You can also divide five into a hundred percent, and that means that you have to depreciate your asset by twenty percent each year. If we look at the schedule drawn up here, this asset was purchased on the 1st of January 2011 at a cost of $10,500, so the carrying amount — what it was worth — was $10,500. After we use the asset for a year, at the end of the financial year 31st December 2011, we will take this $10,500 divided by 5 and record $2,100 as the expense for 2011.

---

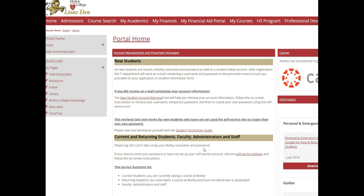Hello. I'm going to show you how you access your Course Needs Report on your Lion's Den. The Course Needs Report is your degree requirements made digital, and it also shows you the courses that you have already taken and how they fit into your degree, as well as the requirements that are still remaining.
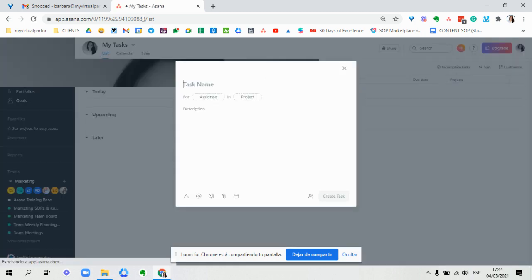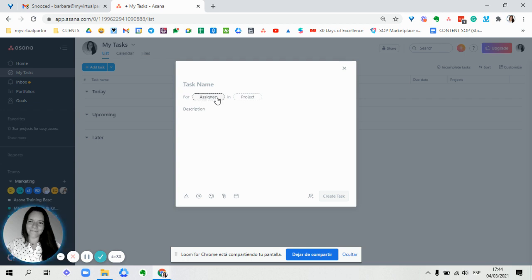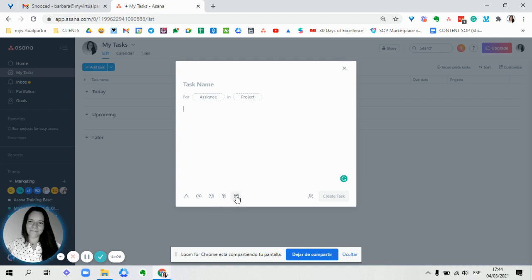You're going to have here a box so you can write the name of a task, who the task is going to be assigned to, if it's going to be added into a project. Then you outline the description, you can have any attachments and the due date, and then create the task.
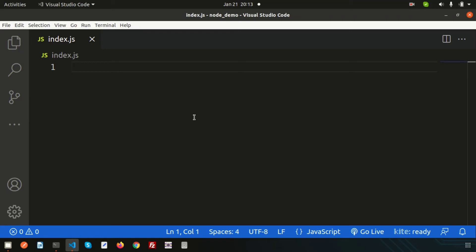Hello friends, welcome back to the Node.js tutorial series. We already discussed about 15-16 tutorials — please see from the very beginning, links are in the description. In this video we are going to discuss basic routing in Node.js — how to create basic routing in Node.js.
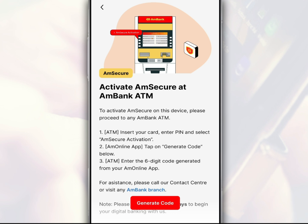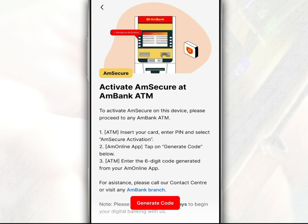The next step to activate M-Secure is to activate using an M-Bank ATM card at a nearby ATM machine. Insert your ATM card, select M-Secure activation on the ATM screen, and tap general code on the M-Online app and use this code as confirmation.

### [Problem requirements]
In the listing above, find the line with "You're going to" and the line with "The next step". Copy both of them and every line between, exactly, but not the pictures.

### [Exercise solution]
You're going to have here a box so you can write the name of a task, who the task is going to be assigned to, if it's going to be added into a project. Then you outline the description, you can have any attachments and the due date, and then create the task.
Hello friends, welcome back to the Node.js tutorial series. We already discussed about 15-16 tutorials — please see from the very beginning, links are in the description. In this video we are going to discuss basic routing in Node.js — how to create basic routing in Node.js.
The next step to activate M-Secure is to activate using an M-Bank ATM card at a nearby ATM machine. Insert your ATM card, select M-Secure activation on the ATM screen, and tap general code on the M-Online app and use this code as confirmation.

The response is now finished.